> _WORK TO COMPLETE_:
Leaving out the pictures, retype exactly the lines from the one holding "Cesar Casier Keeps" through the end of the material.

> _DATA PROVIDED_:
-=-=-
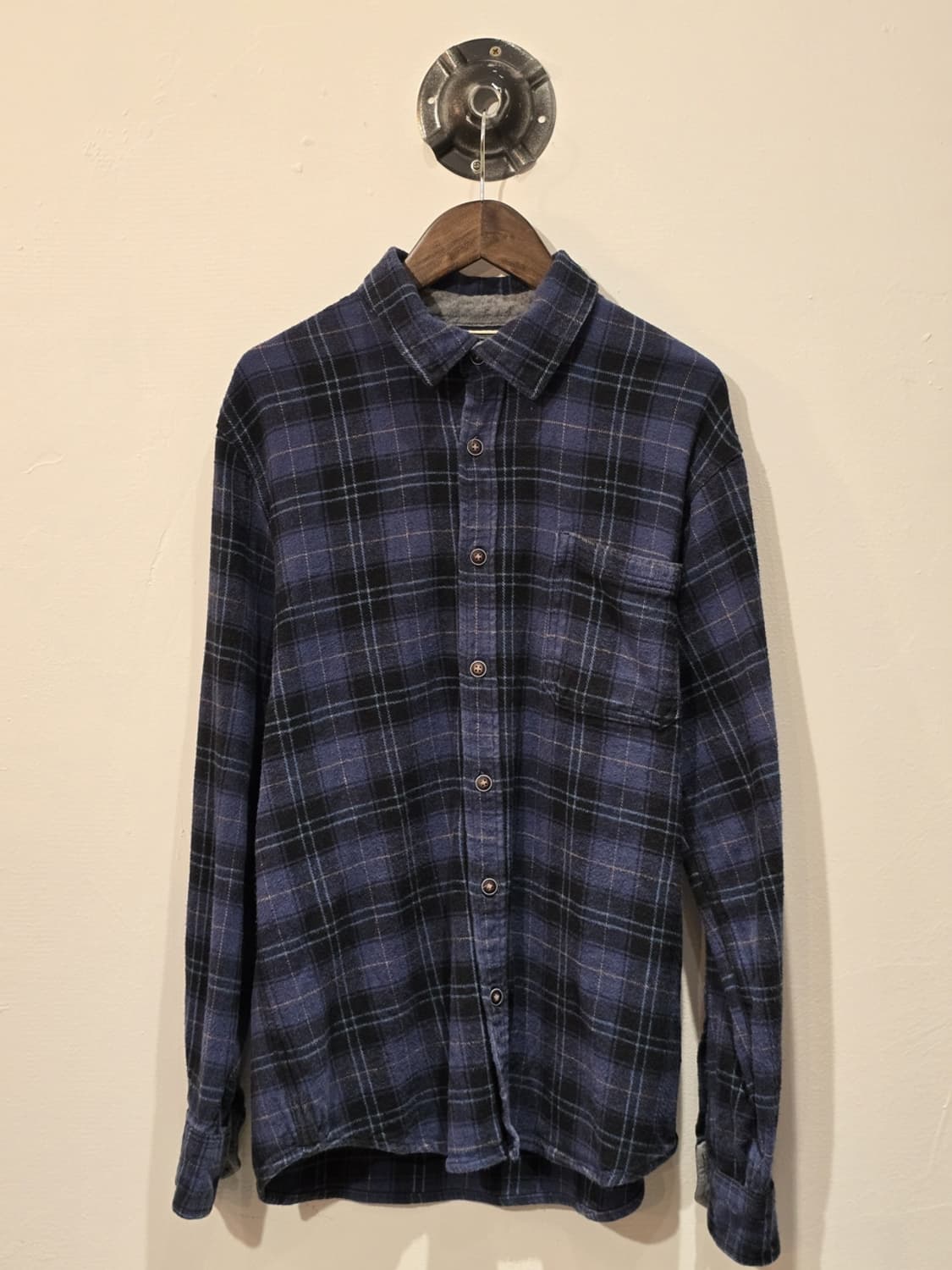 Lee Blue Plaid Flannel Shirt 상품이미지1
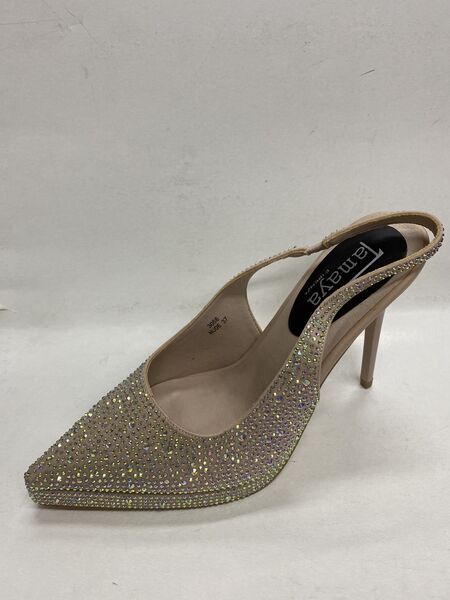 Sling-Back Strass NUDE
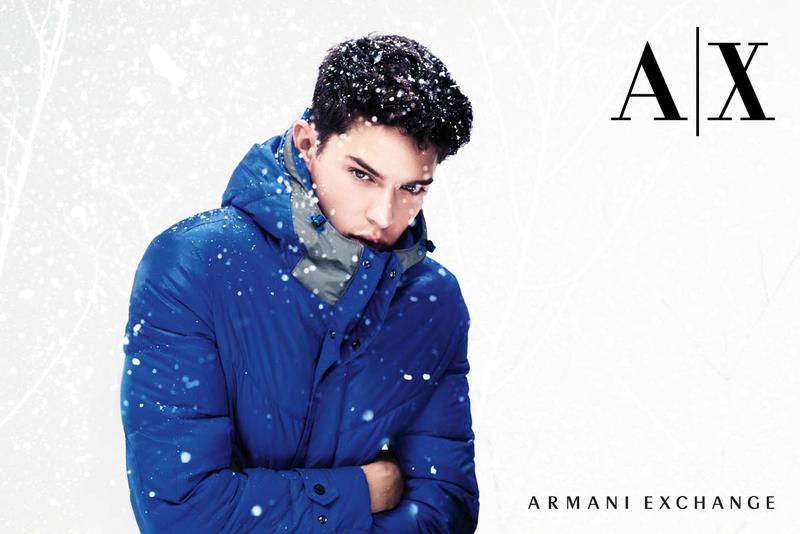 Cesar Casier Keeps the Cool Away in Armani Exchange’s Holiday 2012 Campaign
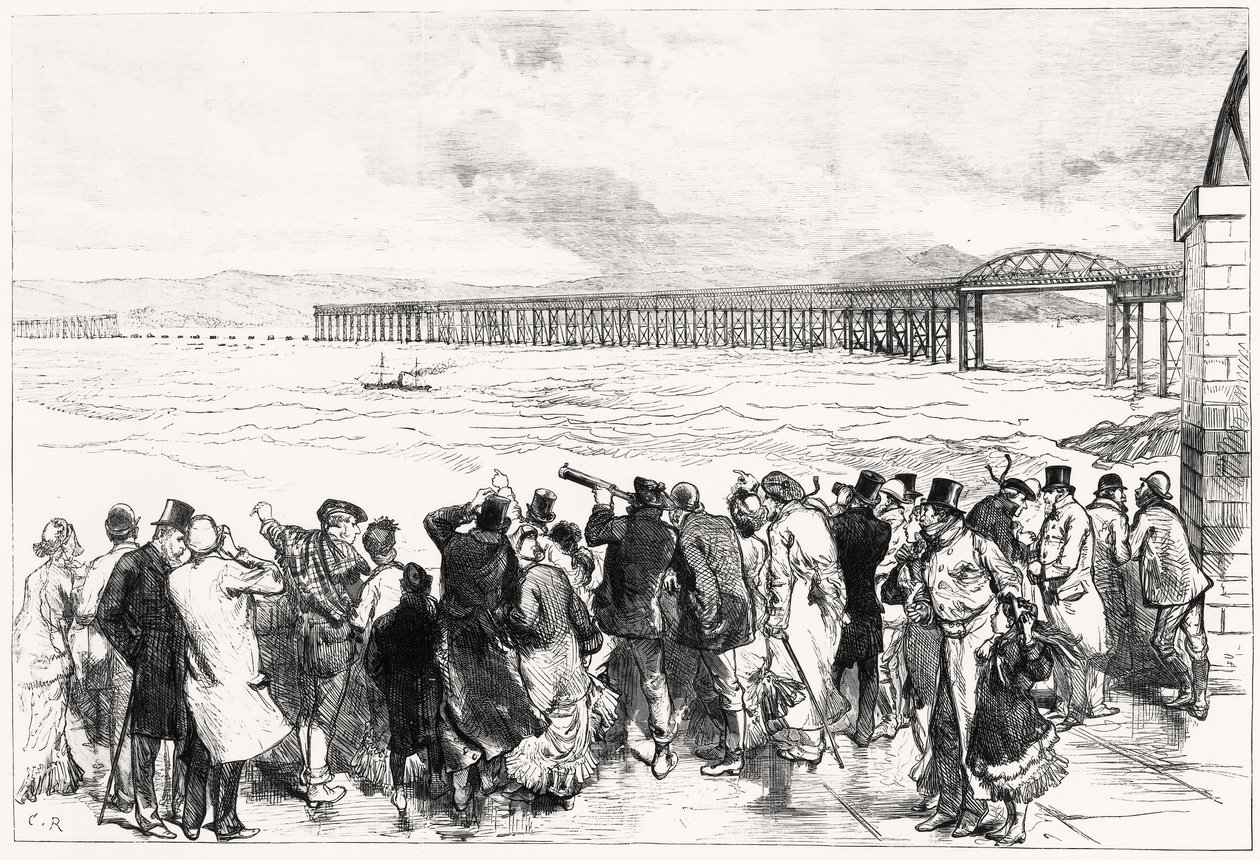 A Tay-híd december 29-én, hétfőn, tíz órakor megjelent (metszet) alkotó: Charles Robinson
-=-=-
> _YOUR RESPONSE_:
 Cesar Casier Keeps the Cool Away in Armani Exchange’s Holiday 2012 Campaign
 A Tay-híd december 29-én, hétfőn, tíz órakor megjelent (metszet) alkotó: Charles Robinson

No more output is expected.